In any event, with the YouTube questions for the St. Petersburg, Florida debate to be selected by the CNN “V” Brigade (“V” is not for victory), rest assured that the Republican candidates will be honing their Democratic bona fides. I predict whiny demands such as, “What are you going to do about making taxpayers pay for my health care?” Or, “When will you join Gore in admitting there’s a global-warming crisis?” Economic nonsense about energy independence and renewability will also abound.

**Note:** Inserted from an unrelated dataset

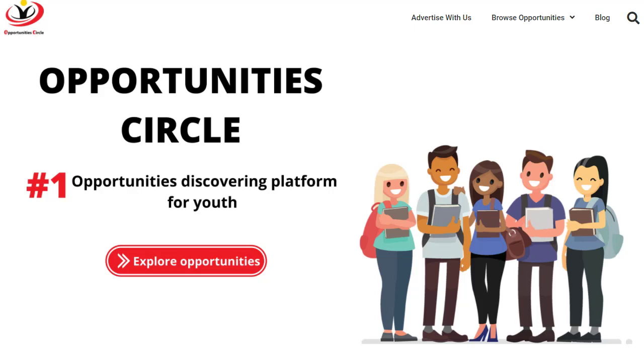Hello everyone and welcome to Opportunity Circle, the number one opportunities discovering platform for youth.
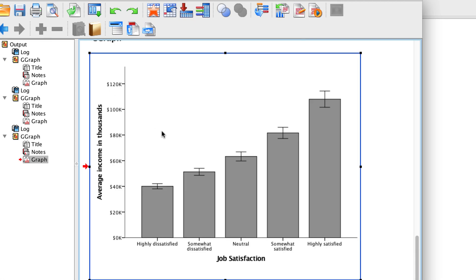To get this chart ready to use in a paper or on a poster, I will export it to Microsoft Word.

Update: The debate was excellent. Cooper did a 180 degree about-face from the previous YouTube debate he hosted, and I described in “Jackass Cooper & The 1-Trick Donkeys.” Compared to the cretins Cooper picked to pose questions to the Democrats, the questions selected this time were conservative and clever. The demographic was different, sure, but so were Cooper and his cohorts at CNN. Perhaps they got the message that quirky would not cut it. Hey, perhaps he read “Jackass Cooper & The 1-Trick Donkeys

Update # II (Nov. 29): Further impressions about the debates: Dr. Paul, of course, was given the least amount of time. Also, I wish he had remembered to count the IRS among the departments he’d abolish, before the phony saccharine Huckabee muscled in.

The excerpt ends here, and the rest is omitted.